## Exercise aim
Repeat each record exactly as written, and drop any images.

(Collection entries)
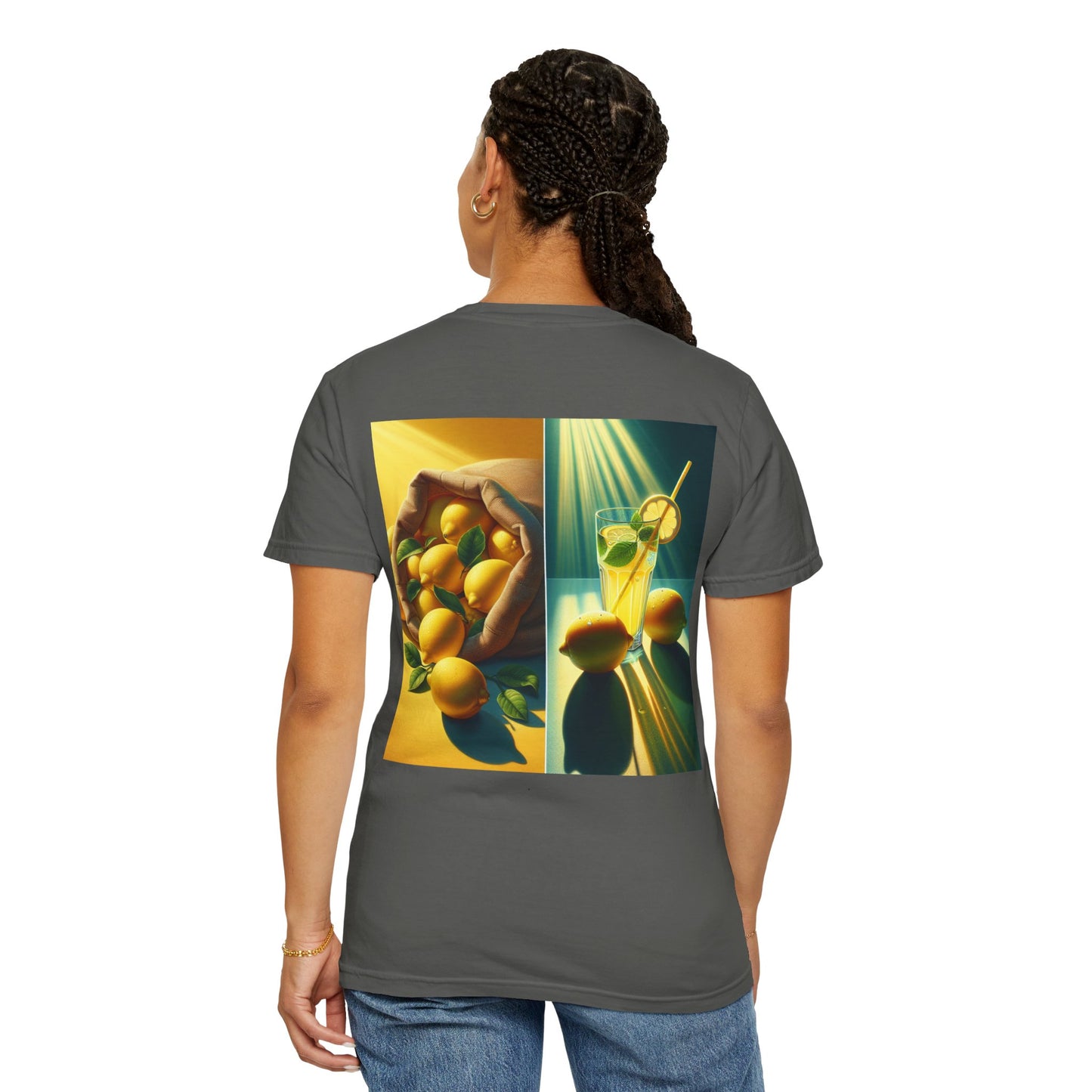 Woman wearing charcoal Unisex Lemon Dilemma graphic tee — bold thoughtwear design challenging clichés about lemons and perspective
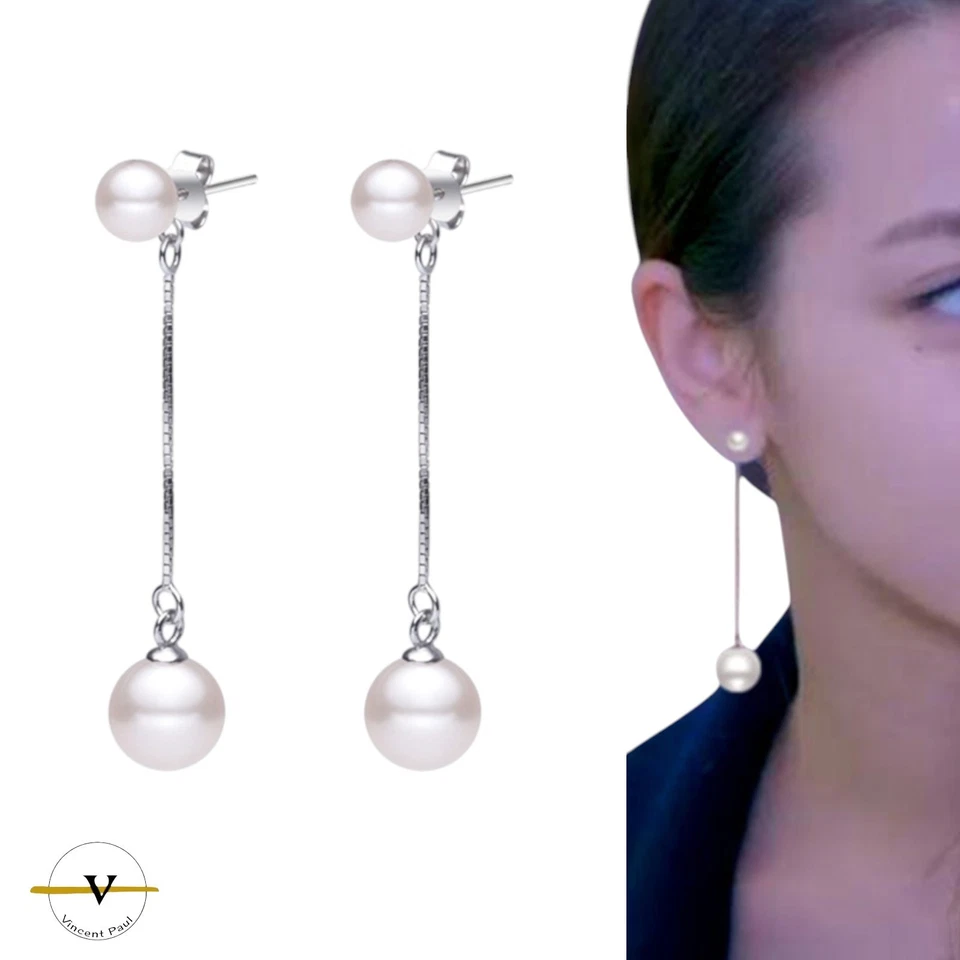 ORECCHINI DONNA ARGENTO 925 RODIATO PENDENTI CON DOPPIA PERLA BIANCA REGALO - Immagine 2 di 4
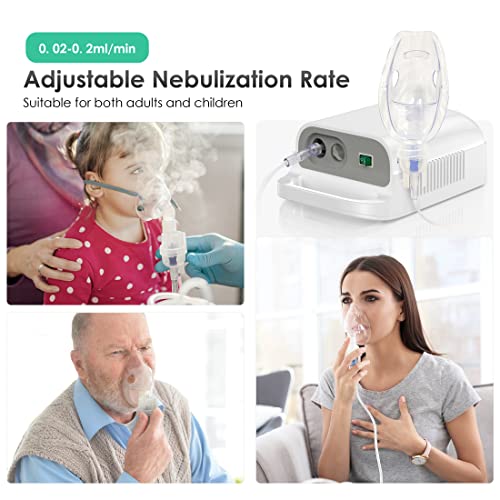 Nebulizer Machine For Adults & Kids - Portable Nebulizer Machine For Breathing With Mouthpiece & Mask, Desktop Asthma Compressor Nebulizer For Home Use #TOP6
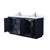 Wyndham WCF292966DBNCMUNSMXX Miranda 66 Inch Double Bathroom Vanity in Dark Blue, White Carrara Marble Countertop, Undermount Square Sinks, Brushed Nickel Trim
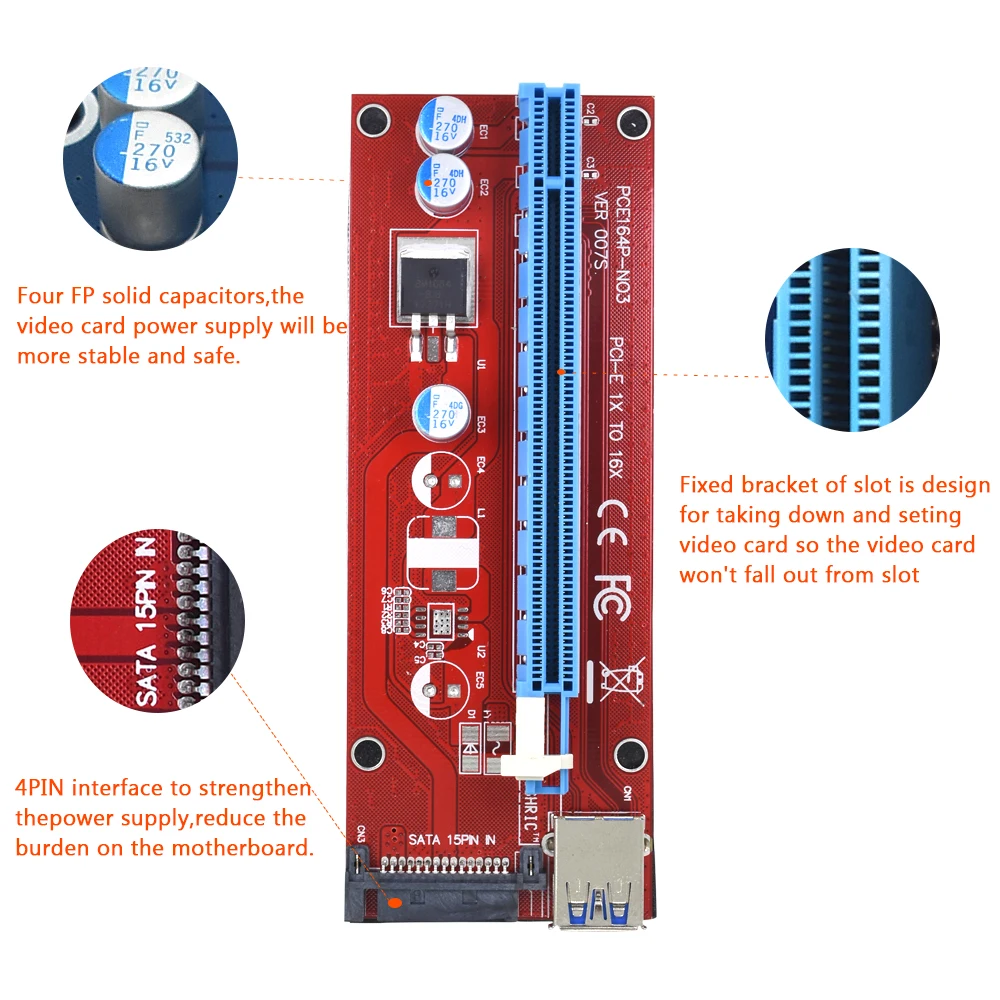 10 шт. TISHRIC VER007S PCI Express PCIE E Riser Card 007 007S 1x к 16x удлинитель USB 3 0 кабель 15pin SATA для BTC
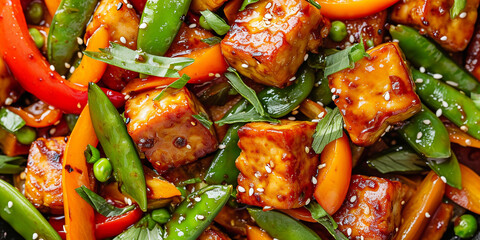 Wall Mural - Stir-fried Tempeh with Vegetables Tempeh cubes stir-fried with colorful bell peppers, peas and carrots, seasoned with tamari or soy sauce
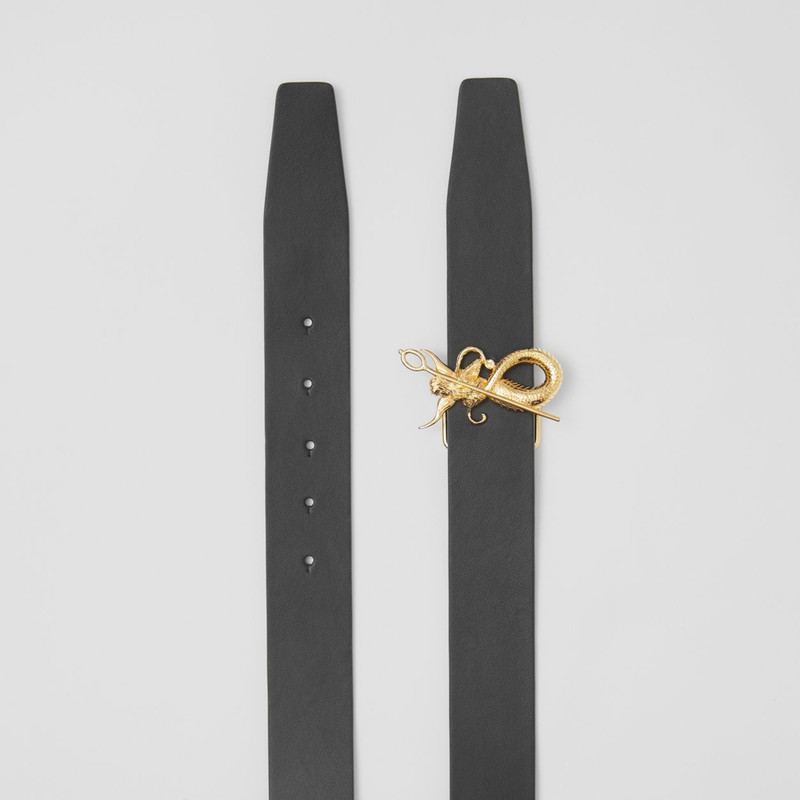 Reversible Mythical Alphabet Motif Leather Belt 7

## Solution for this exercise
 Woman wearing charcoal Unisex Lemon Dilemma graphic tee — bold thoughtwear design challenging clichés about lemons and perspective
 ORECCHINI DONNA ARGENTO 925 RODIATO PENDENTI CON DOPPIA PERLA BIANCA REGALO - Immagine 2 di 4
 Nebulizer Machine For Adults & Kids - Portable Nebulizer Machine For Breathing With Mouthpiece & Mask, Desktop Asthma Compressor Nebulizer For Home Use #TOP6
 Wyndham WCF292966DBNCMUNSMXX Miranda 66 Inch Double Bathroom Vanity in Dark Blue, White Carrara Marble Countertop, Undermount Square Sinks, Brushed Nickel Trim
 10 шт. TISHRIC VER007S PCI Express PCIE E Riser Card 007 007S 1x к 16x удлинитель USB 3 0 кабель 15pin SATA для BTC
 Wall Mural - Stir-fried Tempeh with Vegetables Tempeh cubes stir-fried with colorful bell peppers, peas and carrots, seasoned with tamari or soy sauce
 Reversible Mythical Alphabet Motif Leather Belt 7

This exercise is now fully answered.